#### [PROBLEM STATEMENT]
From the records below, transcribe only the lines running from the one with "6417 Silver Spring" through the one with "Calculateur S126024101C 9661983980". Keep both of those end lines.

#### [RECORDS]
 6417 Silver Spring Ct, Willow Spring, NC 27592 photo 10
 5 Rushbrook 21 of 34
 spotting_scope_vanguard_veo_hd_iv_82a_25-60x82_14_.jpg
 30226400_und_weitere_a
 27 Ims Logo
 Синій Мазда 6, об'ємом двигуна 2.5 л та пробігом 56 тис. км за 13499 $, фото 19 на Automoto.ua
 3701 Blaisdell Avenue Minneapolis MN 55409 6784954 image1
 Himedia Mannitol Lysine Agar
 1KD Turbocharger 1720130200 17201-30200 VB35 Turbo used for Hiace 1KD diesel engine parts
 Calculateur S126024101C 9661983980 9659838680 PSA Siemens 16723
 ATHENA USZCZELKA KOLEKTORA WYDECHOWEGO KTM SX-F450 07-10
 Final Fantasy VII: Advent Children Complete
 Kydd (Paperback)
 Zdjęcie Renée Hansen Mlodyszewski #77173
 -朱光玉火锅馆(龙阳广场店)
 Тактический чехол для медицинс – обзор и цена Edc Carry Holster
==
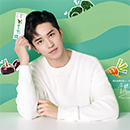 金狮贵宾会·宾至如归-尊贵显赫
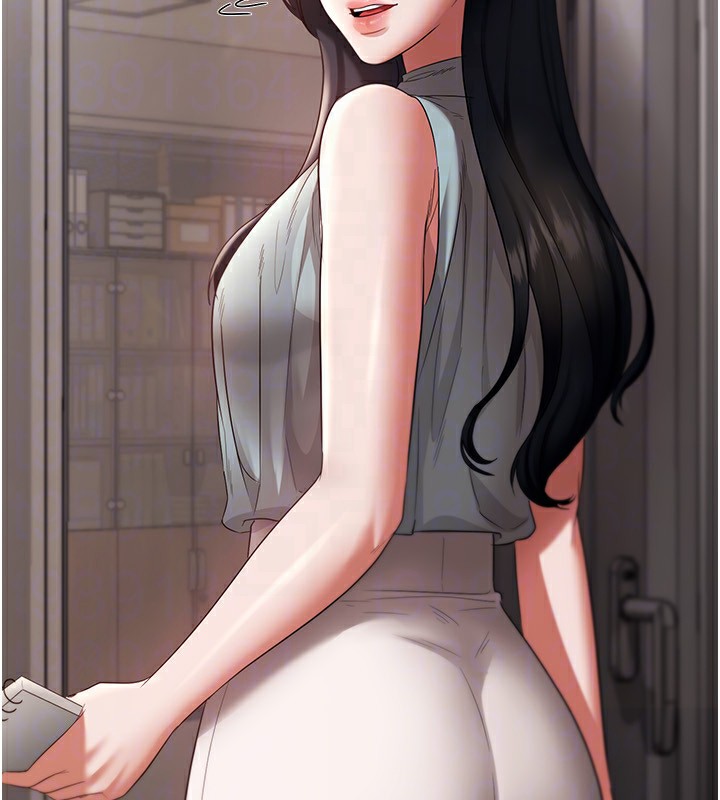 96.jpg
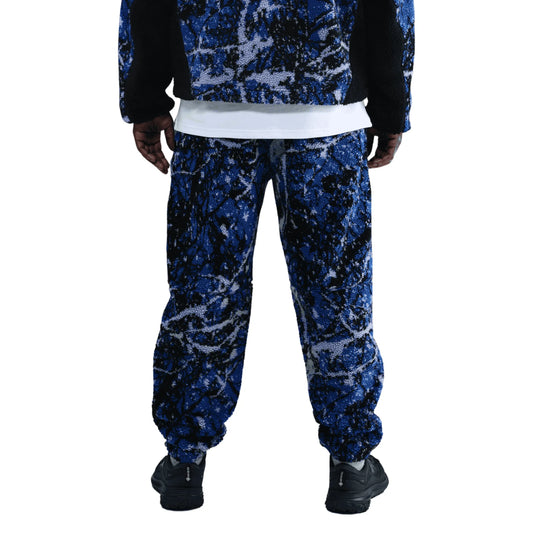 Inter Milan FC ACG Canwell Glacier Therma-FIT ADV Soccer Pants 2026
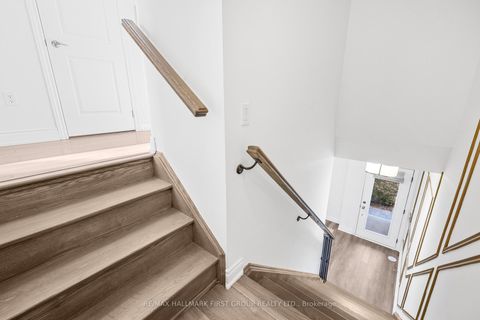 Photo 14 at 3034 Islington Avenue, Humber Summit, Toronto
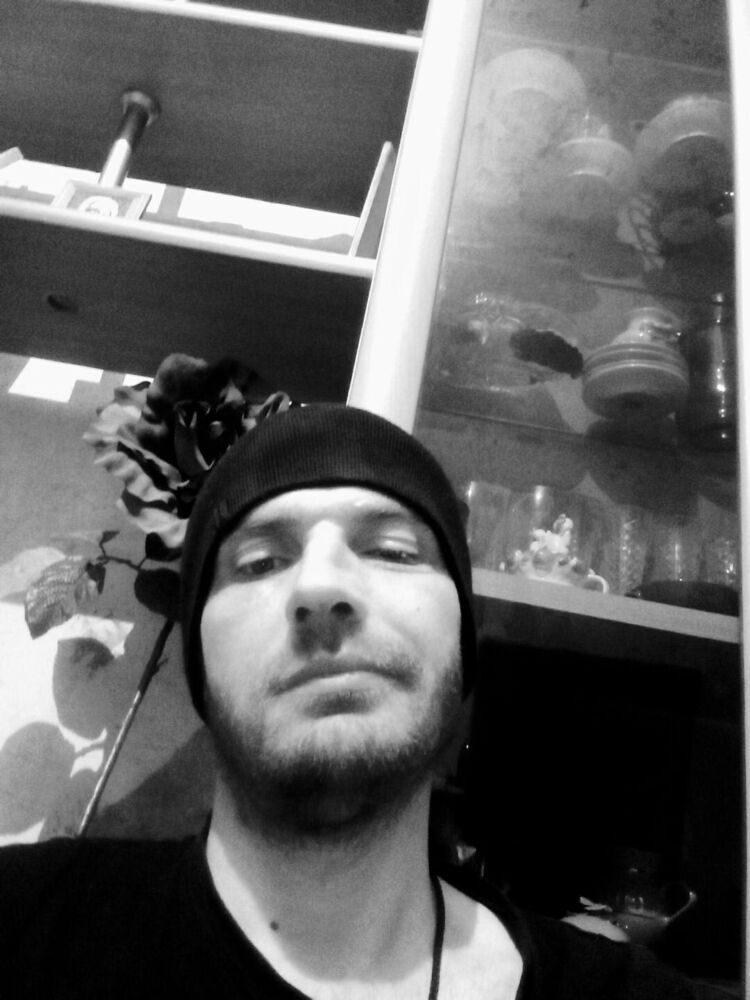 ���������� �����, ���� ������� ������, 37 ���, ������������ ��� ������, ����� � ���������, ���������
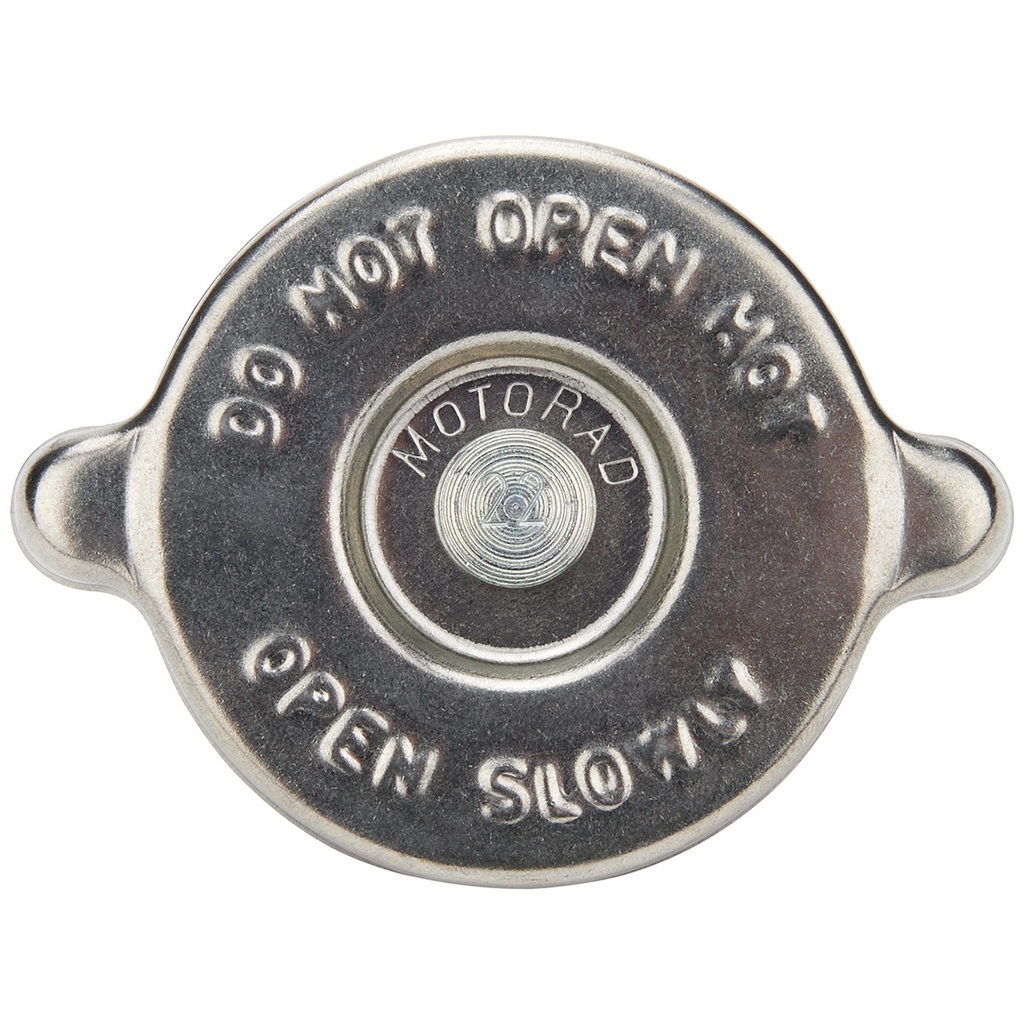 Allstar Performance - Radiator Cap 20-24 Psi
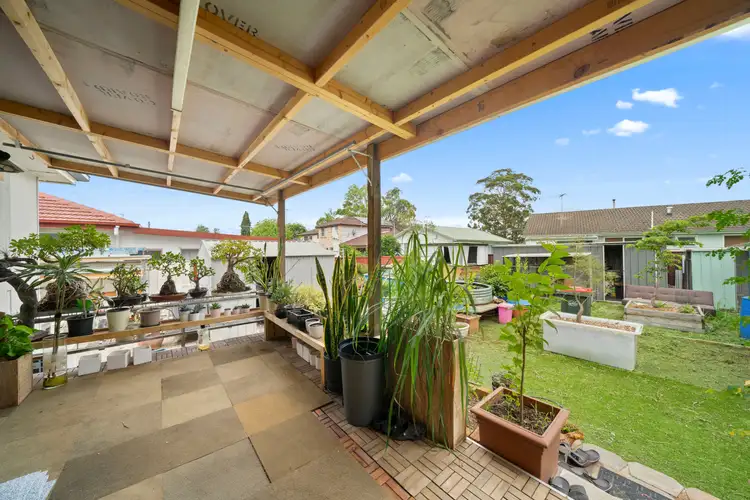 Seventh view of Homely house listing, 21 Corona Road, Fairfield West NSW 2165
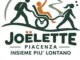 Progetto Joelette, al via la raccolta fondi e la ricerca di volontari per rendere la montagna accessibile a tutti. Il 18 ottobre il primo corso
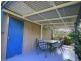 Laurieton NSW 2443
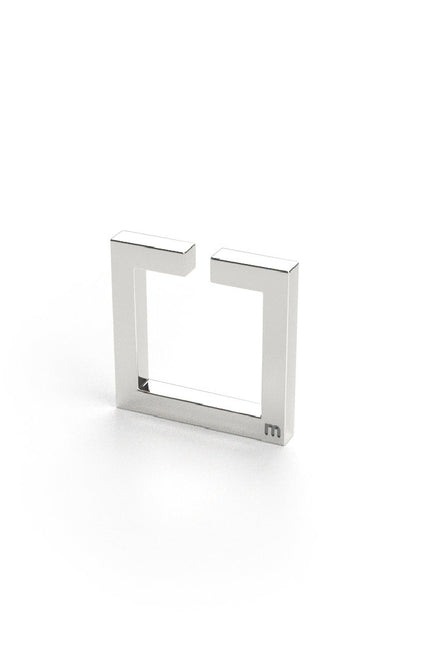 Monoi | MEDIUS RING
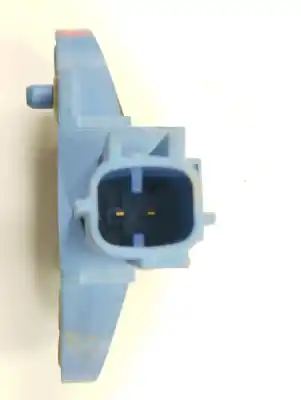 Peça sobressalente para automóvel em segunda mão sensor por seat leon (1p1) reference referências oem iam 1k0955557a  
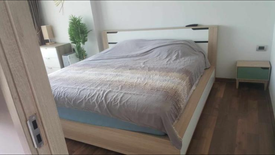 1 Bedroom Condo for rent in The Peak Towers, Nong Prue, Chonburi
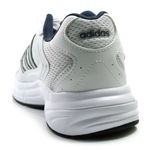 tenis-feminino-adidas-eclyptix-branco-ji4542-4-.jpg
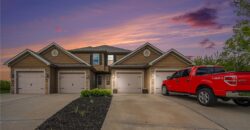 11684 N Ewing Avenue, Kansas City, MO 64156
--
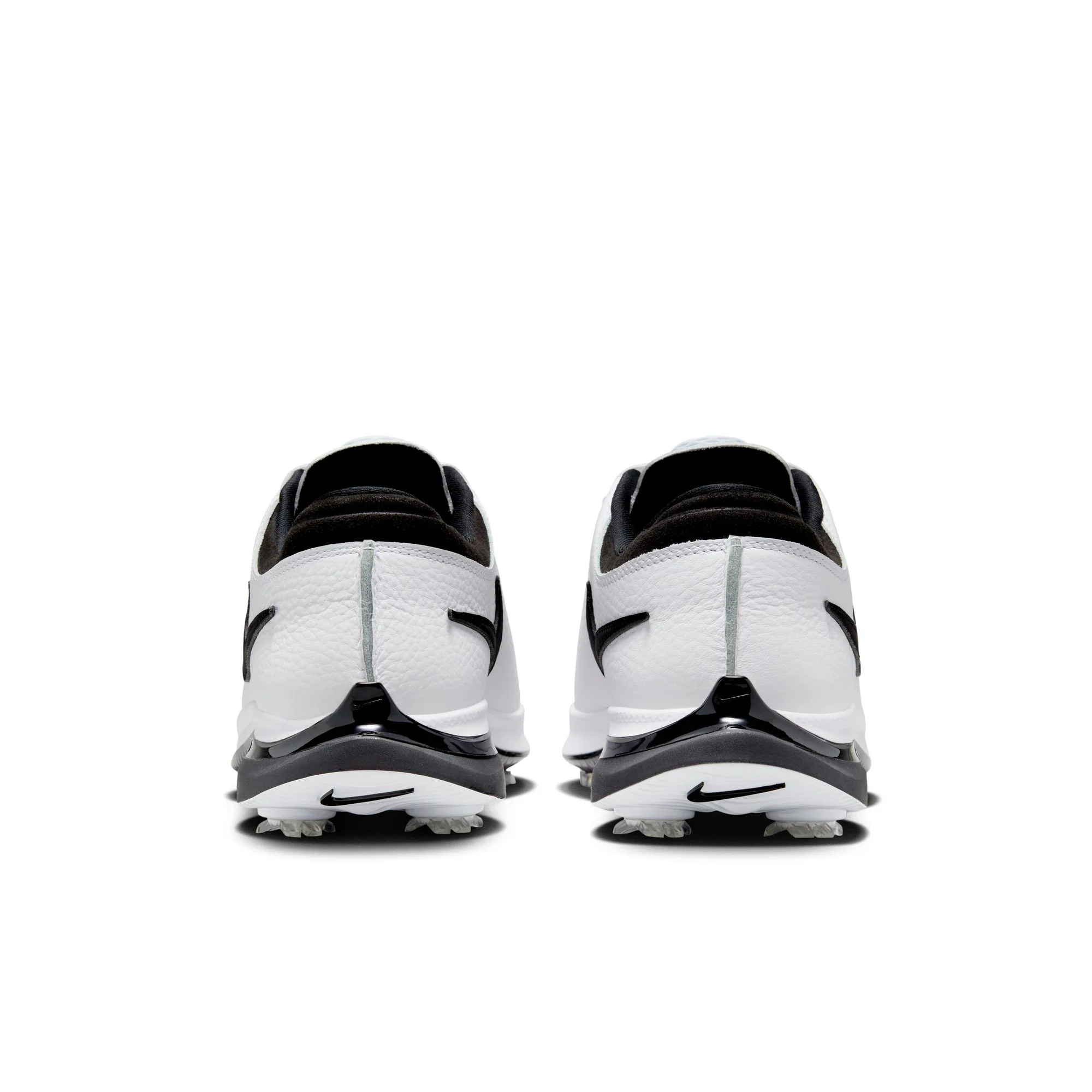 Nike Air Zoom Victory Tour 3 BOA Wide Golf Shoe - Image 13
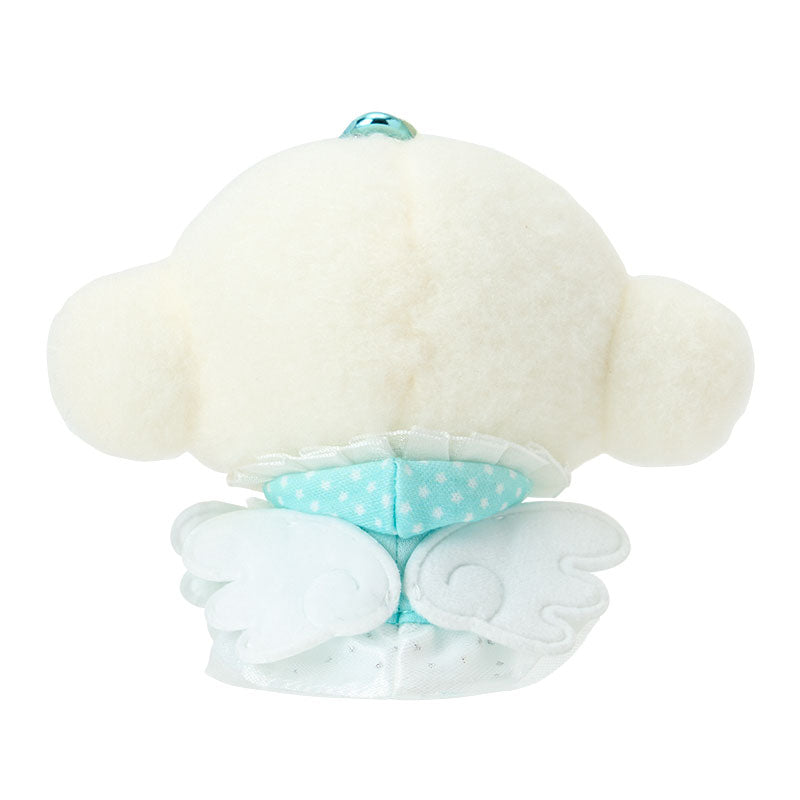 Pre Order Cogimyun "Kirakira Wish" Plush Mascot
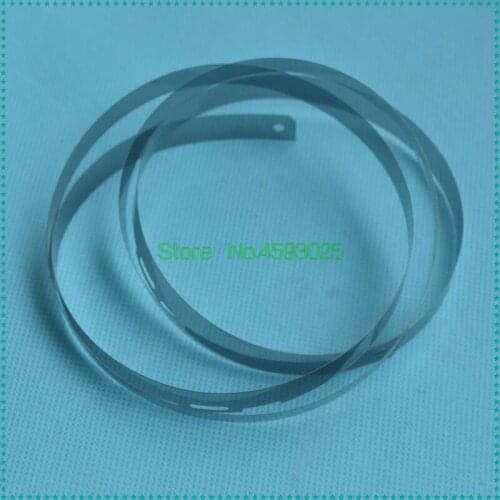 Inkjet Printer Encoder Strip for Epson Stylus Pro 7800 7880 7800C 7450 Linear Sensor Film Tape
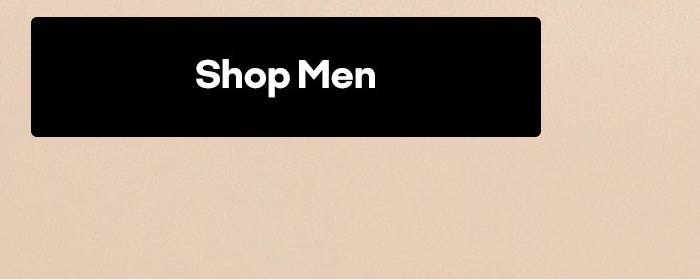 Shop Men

#### [RESULT OF THIS EXERCISE]
 6417 Silver Spring Ct, Willow Spring, NC 27592 photo 10
 5 Rushbrook 21 of 34
 spotting_scope_vanguard_veo_hd_iv_82a_25-60x82_14_.jpg
 30226400_und_weitere_a
 27 Ims Logo
 Синій Мазда 6, об'ємом двигуна 2.5 л та пробігом 56 тис. км за 13499 $, фото 19 на Automoto.ua
 3701 Blaisdell Avenue Minneapolis MN 55409 6784954 image1
 Himedia Mannitol Lysine Agar
 1KD Turbocharger 1720130200 17201-30200 VB35 Turbo used for Hiace 1KD diesel engine parts
 Calculateur S126024101C 9661983980 9659838680 PSA Siemens 16723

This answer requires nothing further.